Our journey into the exploration of the optical properties of perovskite nanocrystals (NCs) started back in autumn of 2014. Prof. Kovalenko’s group at ETH Zurich had just achieved a major milestone: the synthesis of fully inorganic NCs of perovskite cesium lead halides (CsPbX3, X = Cl, Br, I) with precise size- and compositional control. The newly developed synthetic protocols enabled the synthesis of very bright, tunable, narrowband luminescent NCs with photoluminescence (PL) quantum yields approaching 100% (Nano Letters, 2015, 15, pp. 3692–3696, https://pubs.acs.org/doi/10.1021/nl5048779). It became also clear from the very first measurements that perovskite NCs possess unique optical properties: At cryogenic temperatures, they show blinking-free emission and their radiative lifetime is only a few hundreds of picoseconds long - among the fastest ever reported for single photon emitters (ACS Nano, 2016, 10, pp. 2485–2490, https://pubs.acs.org/doi/10.1021/acsnano.5b07328). However, it took several years before these exceptional properties could be rationalized by an international collaboration between a group at the U.S. Naval Research Lab led by Dr. Alexander Efros, IBM Research - Zurich and ETH Zurich that culminated in a key publication in the beginning of 2018 (Nature, 2018, 553, pp. 189–193, https://www.nature.com/articles/nature25147). Therein, it was shown that perovskite NCs exhibit bright triplet exciton states together with a giant oscillator transition strength, resulting in an ultrafast radiative decay.
Another inflection point came when Prof. Kovalenko’s group was able to assemble perovskite NCs into long-range ordered cuboidal superlattices or supercubes through drying-mediated self-assembly (Science, 2017, 358, pp. 745–750, http://science.sciencemag.org/content/358/6364/745). These perovskite NCs have near-cubic crystal structures – and hence at the nanoscale they are cubic-shaped; when assembled in superlattices, they form three-dimensional cuboids of several micrometers. This amazing shape retention from the atomic scale to a mesoscopic scale triggered our curiosity and motivated us to further investigate their optical properties. This brought about the serendipitous discovery of superfluorescence.
Already the very first sample of superlattices measured exhibited two well-defined emission bands at cryogenic temperatures. The more red-shifted band (later identified as the emission of NCs that were coupled with each other, leading to superfluorescence) had quite different properties when compared to the bluer band close to the original NC emission energy (later identified as the emission band of uncoupled quantum dots).
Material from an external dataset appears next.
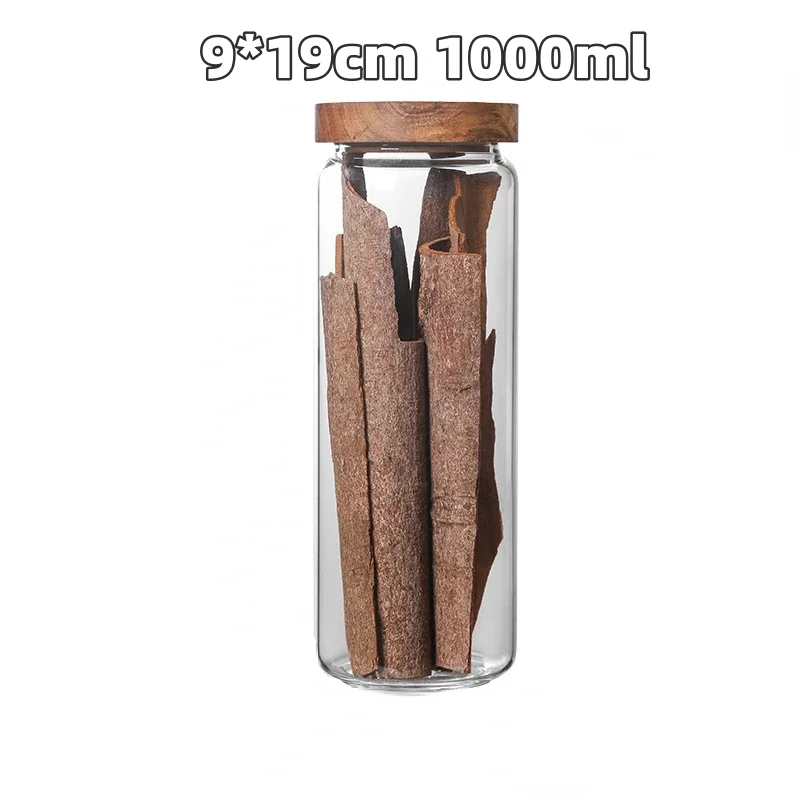 Bocal de Conservation en Verre avec Couvercle en Bambou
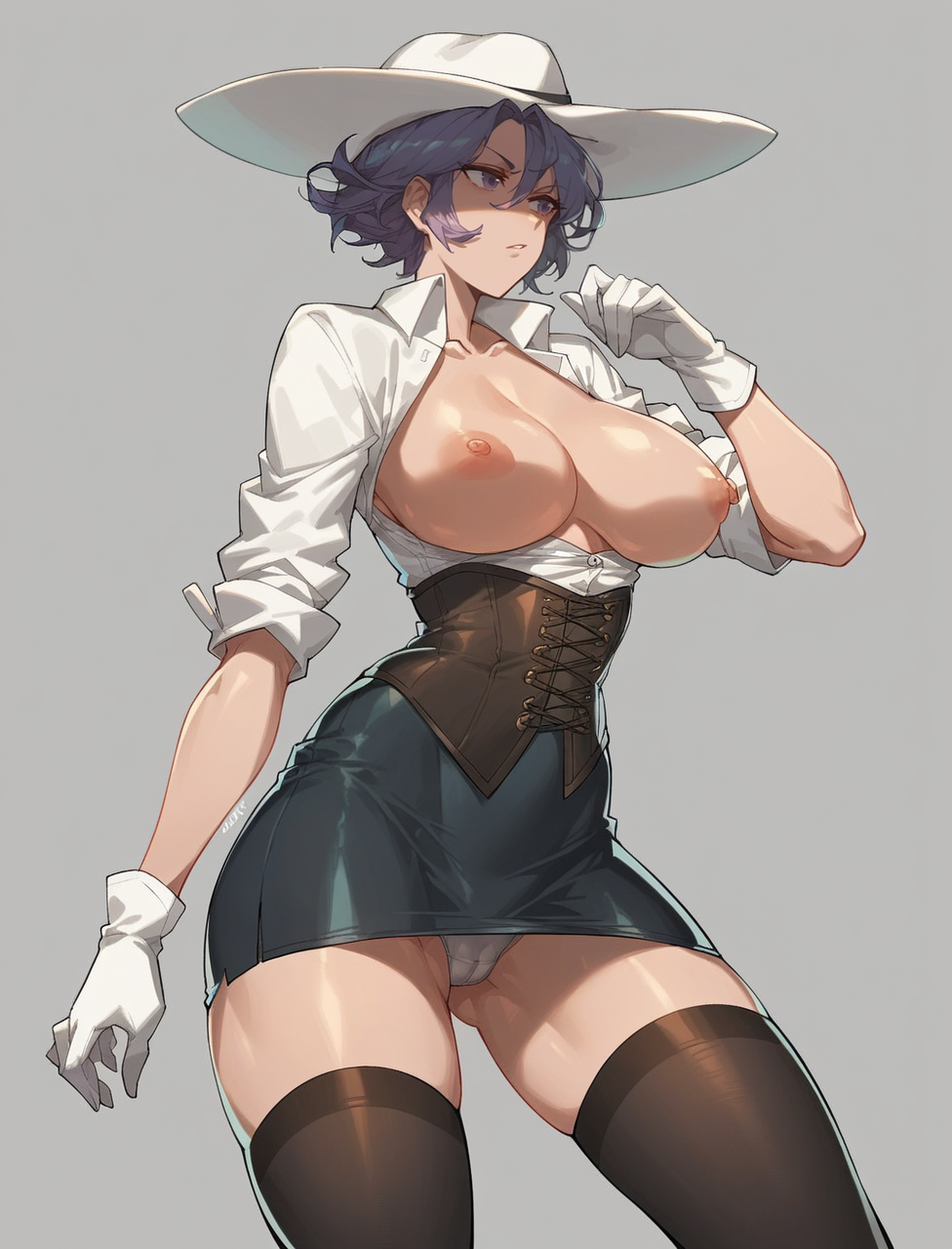 score_9, score_8_up, score_7_up, score_6_up, <lora:Yohand1754V1:0.9>,
1girl, black skirt, breasts, cameltoe, corset, cowboy shot, gloves, grey background, hand up, hat, large breasts, miniskirt, thighhighs, pencil skirt, purple eyes, purple hair, shirt, short hair, simple background, cameltoe, panties, solo, standing, thighs, white gloves, white shirt, open shirt, nipples,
The superfluorescent band showed a substructure that could be mistaken for lasing modes, but on top of the fact that superlattices are not perfect and big enough to serve as high-Q laser resonators, a more dedicate set of experiments proved that lasing was incompatible with some of our observations: (i) absence of a clear threshold, (ii) emission starts with a delay time and shows picosecond oscillations at higher excitation power, and (iii) photon bunching in second-order correlation measurements. Searching the literature for better explanations, we found that similar observations had been made about half a century ago in dense HF gas (Phys. Rev. Lett., 1973, 30, pp. 309–312, https://journals.aps.org/prl/abstract/10.1103/PhysRevLett.30.309). After ticking off the similar experimental features and checking the associated theoretical work, we had our “Eureka” moment: It really looks like superfluorescence! Yet, it took us many more months with vastly more samples, measurements and cross-checks to really convince ourselves that this was the best interpretation for our observations, and other explanations like amplified spontaneous emission, lasing, multi-excitons etc. could be ruled out.
As superfluorescence now can be achieved in a technologically relevant material system with low cost synthesis and easy processing, it could leave the cabinet of “interesting-but-not-really-usable” physical phenomena. Such a novel quantum source of correlated (likely entangled) photons might become important for future developments in quantum sensing, quantum-encrypted communication and future quantum computing.